Danach ist die Fesplatte unter /dev nichtmehr zu finden.

Ist die Fesplatte defekt?

grüße

dennis

----------

## mv

 *skydoom wrote:*   

> Ist die Fesplatte defekt?

 

Was sagt denn der Kernel log (z.B. dmesg) wenn die Fehler auftreten? (insbesondere: Gibt es Meldungen mit geschweiften Klammen { ... }? Die sind immer schlechte Neuigkeiten)

Und zeigt fdisk/cfdisk an die Partition (und insbesondere ihre Größe) korrekt an?

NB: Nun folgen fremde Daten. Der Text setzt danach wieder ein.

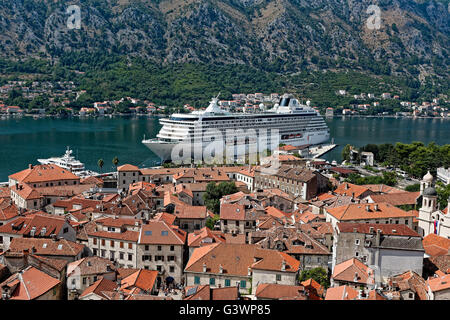 Ansicht des Kreuzfahrtschiffes angedockt in der alten Stadt Kotor, einem UNESCO-Welterbe, Montenegro Stockfoto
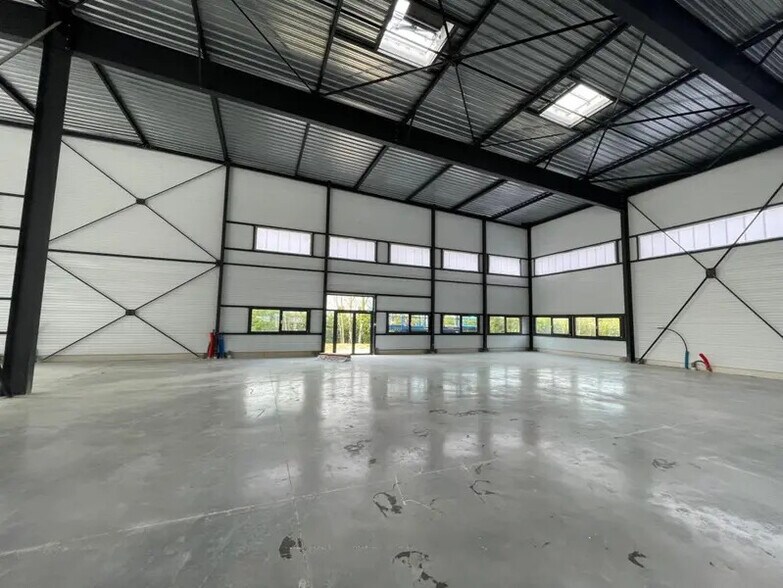 Industriel/Logistique dans Cergy à louer - Photo de l’immeuble – Image 2 sur 4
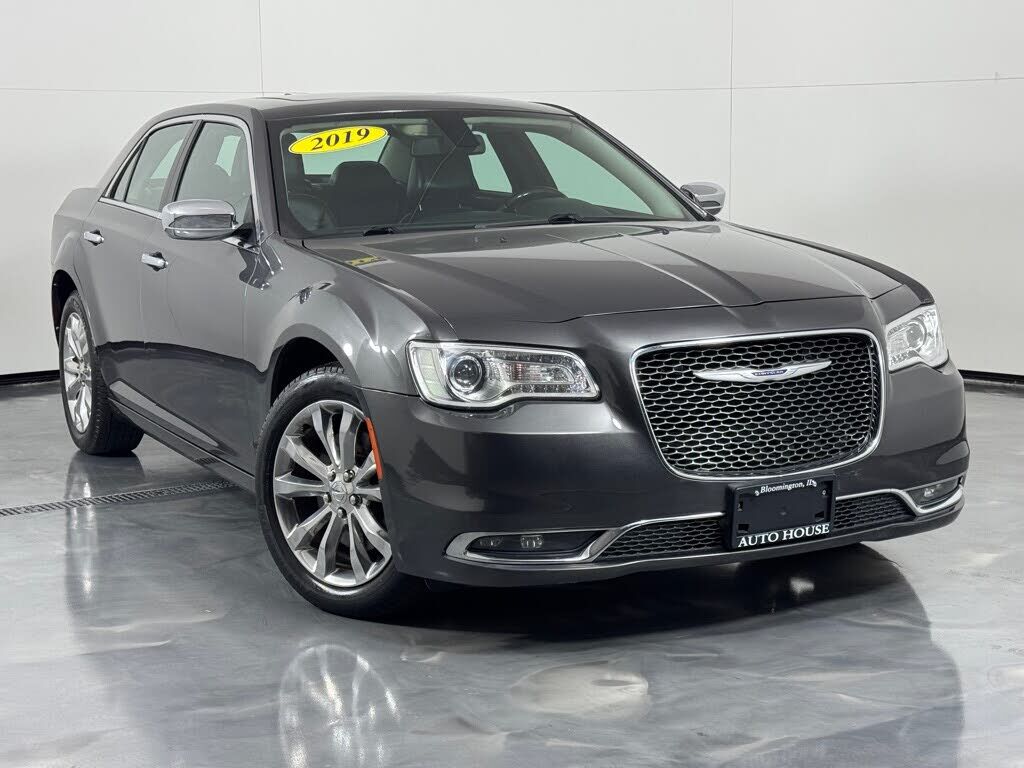 2019 CHRYSLER 300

Schließlich: Benutzt Du 32 Bit? Hast Du den Kernel dafür konfiguriert mit "Huge" Festplatten und Filesystem umgehen zu können (IIRC war sonst bei 1 TB Filesystem da so eine Grenze)?

----------

## skydoom

Also,

bevor ich zu deinen Fragen komme, unter Windows läufts super, ich hab mal seit gestern abend bis heute morgen bisschen was schaufeln lassen und er ist nicht abgebrochen. Deshalt könnte man ja einen Defekt ausschließen, nor?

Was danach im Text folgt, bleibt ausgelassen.